DI EROPA, upaya daur ulang sampah sudah sampai pada pemanfaatan sampah makanan (sisa makanan) di supermarket yang dibuang.
Biasanya aneka limbah makanan diolah menjadi pupuk organik untuk tumbuhan, lain hanya di Leeds, Inggris. Di sini ada inovasi sisa makanan supermarket diolah kembali menjadi kuliner yang digemari banyak orang.
Sebuah kafe menghidangkan aneka kuliner dari makanan kadaluarsa dengan harga sesuka hati. Pengelola kafe tak menentukan harga. Pengunjung membayar makanan yang dimakan secara sukarela alias sesuka hati. Para koki di kafe ini juga adalah para sukarelawan.
Adalah Kafe ‘Pay As You Feel’ atau (Bayar Sesuka Hati) terletak di wilayah Armley di Leeds, Inggris. Menu kafe berubah setiap hari, dan kualitas hidangannya secara mengejutkan patut diacungi jempol – terutama kalau mempertimbangkan bahan-bahan yang digunakan. Meski berbahan ‘samah’ tetapi kualitas makanan cukup mendapat pujian.
“Sejak Januari 2014 kami sudah menyelamatkan sepuluh ton makanan yang tadinya mau dibuang,” ujar Ed Colbert, salah satu direktur The Real Junk Food Project yang mengelola kafe, seperti diberitakan DW Indonesia.
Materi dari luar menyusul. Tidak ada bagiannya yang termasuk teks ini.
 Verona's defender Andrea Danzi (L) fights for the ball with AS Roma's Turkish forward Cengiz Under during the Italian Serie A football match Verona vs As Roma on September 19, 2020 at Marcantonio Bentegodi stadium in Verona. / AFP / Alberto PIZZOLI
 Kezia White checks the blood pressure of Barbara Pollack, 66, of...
Menurut Colbert, proyek ini bertujuan mengurangi sampah makanan. Di Inggris, 15 juta ton makanan dibuang setiap tahun. Sepertiga suplai makanan global berakhir di tempat sampah. Ini termasuk peternakan, supermarket dan rumah tangga.
Sebagian besar bahan makanan diambil dari supermarket atau gudang pengemasan yang memberitahu staf kafe kalau ada makanan yang mau dibuang. Ada juga orang-orang yang hendak bepergian dan datang membawa makanan yang kemungkinan besar basi selama ditinggal berlibur.
“Musisi ternama yang konser di Leeds suka menggelar pesta dan makanannya berlebih,” kata Colbert.
Meski dibayar sesuka hati, bukan berarti makanan yang disiapkan bermenu murahan. Kafe ini pernah menyiapkan dan menghidangkan makanan mahal seperti kaviar, yang umumnya tidak akan mampu dibayar oleh konsumen biasa. Namun, sesuai nama kafe, kuliner mahal ini juga dibayar sesuai kemampuan. Ada juga yang membayar dengan imbalan seperti membersihkan jendela atau menyediakan boks-boks bunga.
Lebih jauh Colbert menjelaskan salah satu penyebab berlimpahnya sampah makanan adalah label yang membingungkan. Konsumen memandang tanggal kadaluarsa dari segi kesehatan, dan bukan segi pemasaran, dan akhirnya membuang makanan. Apel, misalnya, masih akan terasa enak hingga tanggal tertentu, meski rasanya sedikit berkurang, tetapi masih bisa disantap hingga berminggu-minggu kemudian.
Para pengunjung kafe Pay As You Like mengaku tidak keberatan dengan fakta bahwa makanan mereka seharusnya menjadi sampah.
“Menakjubkan, saya suka – setiap hari saya mendapat sesuatu yang berbeda,” tutur Catherine Kidson, seorang pengunjung kafe.